Sunday, September 21, 2008

authorization for the use of financial force

While I am a social liberal, when it comes to matters of economics and finance I like to think that I am non-ideological – at least to the best of my self-delusional ability, I strive to objectively comprehend economic reality. A friend describes himself as a “Warren Buffett Democrat.” I would concur. (It was Buffett, by the way, who referred to credit default swaps and other unregulated derivatives as “financial weapons of mass destruction.”)

Also, over the years I have come to the conclusion that, whatever the subject, if I try hard to comprehend something – at least at a high level of abstraction – and can’t, it probably doesn’t makes sense. (This generalization breaks down in areas like physics where the underlying phenomena exist in a space outside our experience of reality.) I studied economics and finance and have been a junkie of the subject for over 30 years, reading and thinking about events from that perspective. I don’t think it is conceit to say that I’m highly skeptical of any proposition in that field that I can’t comprehend after diligent study. I might not agree with it. But I should at least be able to understand it.
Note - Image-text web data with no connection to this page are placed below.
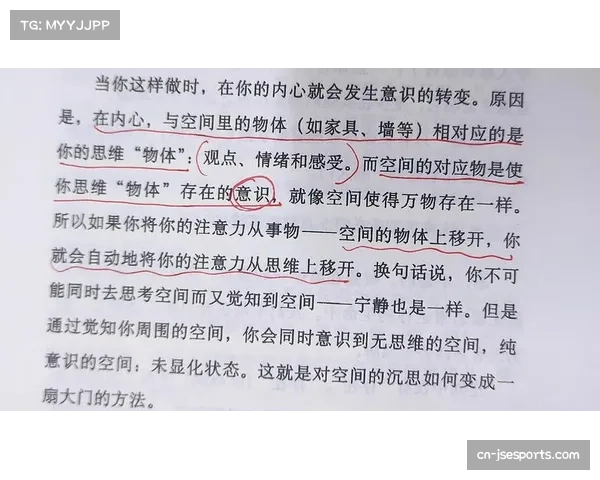 “小级别”与“大级别”的训练哲学差异：技术精度与绝对力量的博弈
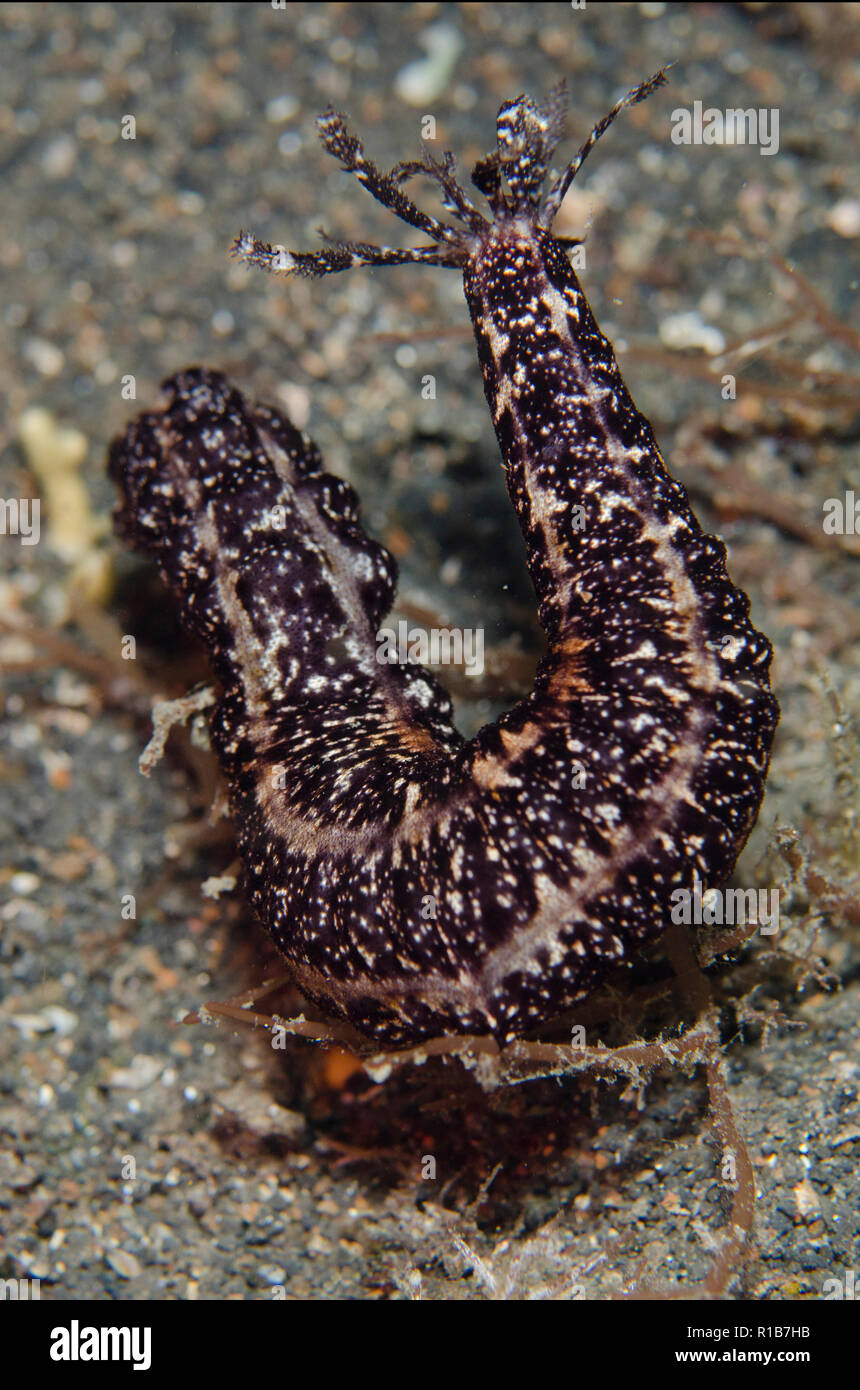 Sea Cucumber, Synaptidae Family, on night dive,TK1 dive site, Lembeh Straits, Sulawesi, Indonesia Stock Photo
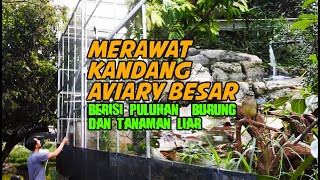 CARA MUDAH MERAWAT KANDANG AVIARY BESAR DENGAN PULUHAN PASANG BURUNG DAN TANAMAN LIAR DI DALAMNYA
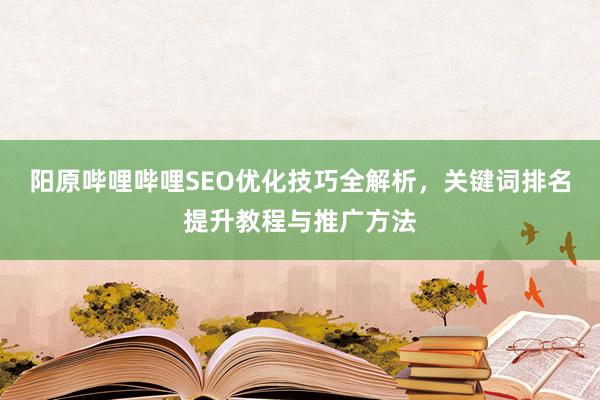 阳原哔哩哔哩SEO优化技巧全解析，关键词排名提升教程与推广方法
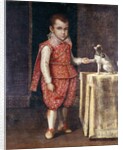 Portrait of a Boy, full-length, wearing a silver-embroidered red costume, holding the paw of a spaniel on a table by Lavinia Fontana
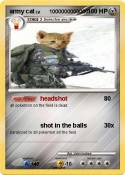 army cat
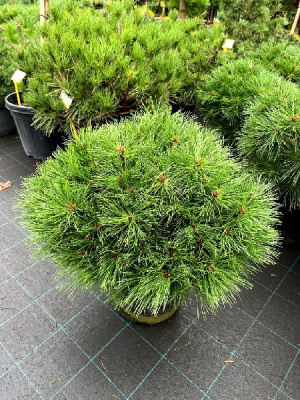 Сосна черная Бенелюкс C1.5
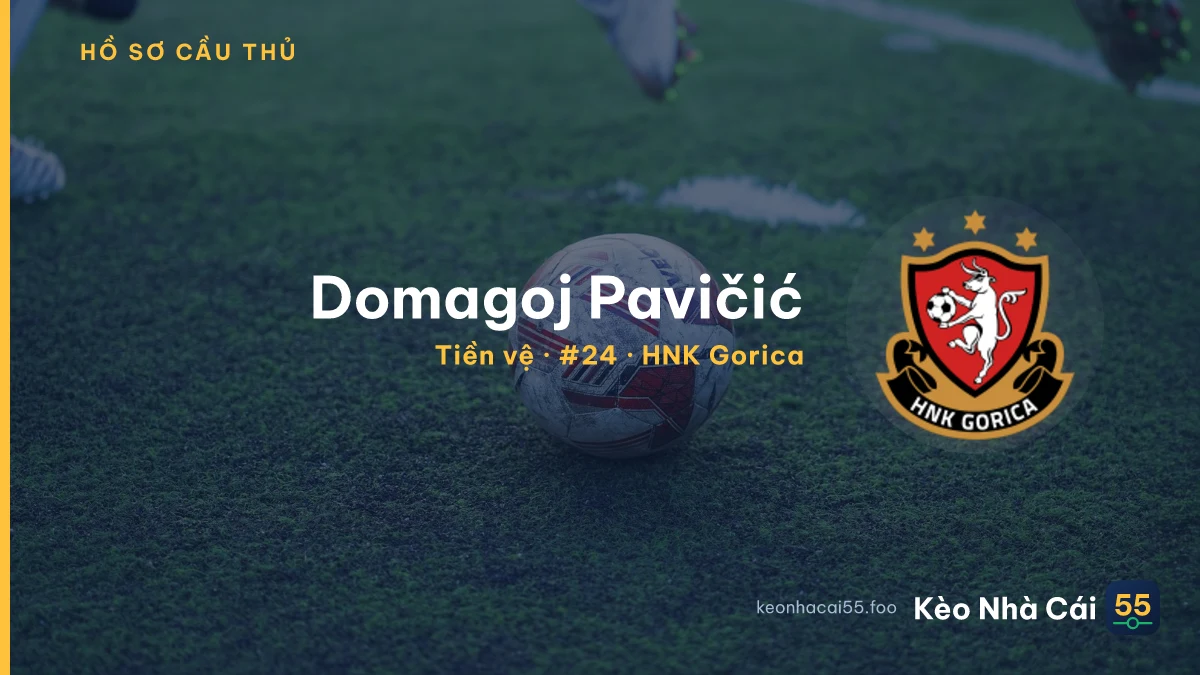 Domagoj Pavičić — HNK Gorica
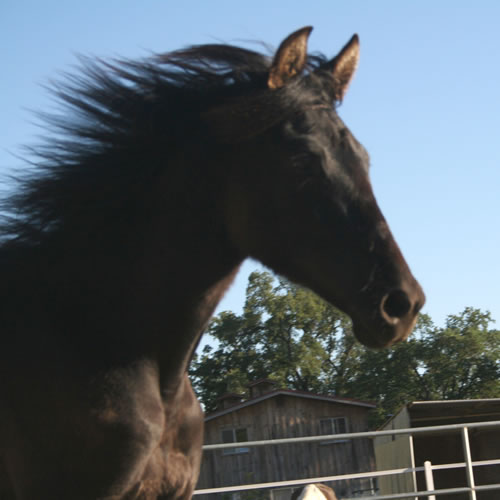 Dante June 2010 posing like his Father!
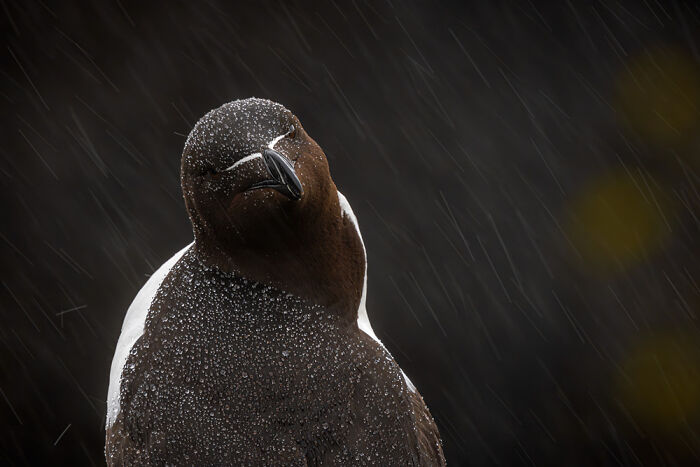 Scottish Wildlife Portrait, 2nd Place: Razorbill In The Rain By Steve Adam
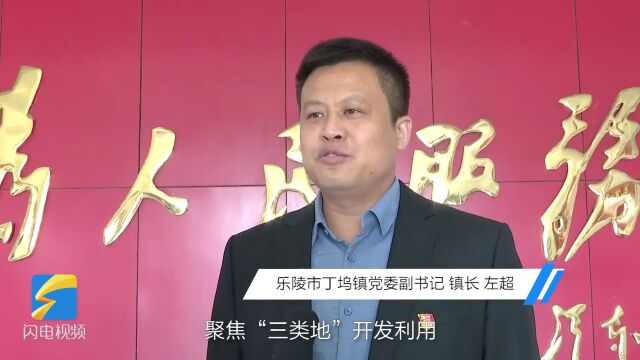 乐陵:分类施策用好“三类地” 赋能增势建强共同体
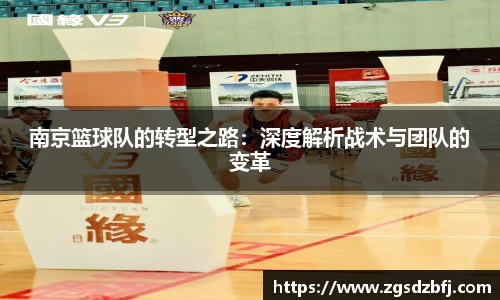 南京篮球队的转型之路：深度解析战术与团队的变革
The last couple of days I have spent most of each day reading about the proposed bailout of the financial system. And I haven’t been able to fully grasp it in a way that I could explain to others -- which means I don’t really understand it or it doesn’t make sense. I have gotten the strong sense that a lot of people are in my position – including a lot of people I believe to be much more knowledgeable on the subject than I am. Experience teaches me to be highly skeptical in situations like this. I should be able to understand at least the concept in a way that makes sense (i.e., the proposed solution would – on it own terms – help solve the problem).

One conclusion I have come to: Any authority granted to the Treasury should lapse after six months. This bailout is, essentially, an Authorization for the Use of Financial Force. Congress is again being stampeded by fear into a radical grant of authority on the eve of an election – just like in 2002. The one thing that is absolutely clear to me is that a comprehensive new financial regulatory scheme is necessary (perhaps just an update – with real enforcement teeth – of the Depression-era reforms that served us so well for 70 years or so until the de-regulatory zealots got their way). That can’t be enacted in a week, and if a bailout is enacted without those reforms, Republicans will filibuster the necessary reforms regardless of who wins the White House in November. The Treasury authority – whatever it turns out to be – should expire in six months. If Republicans filibuster reforms, the authority lapses without any action required by Congress.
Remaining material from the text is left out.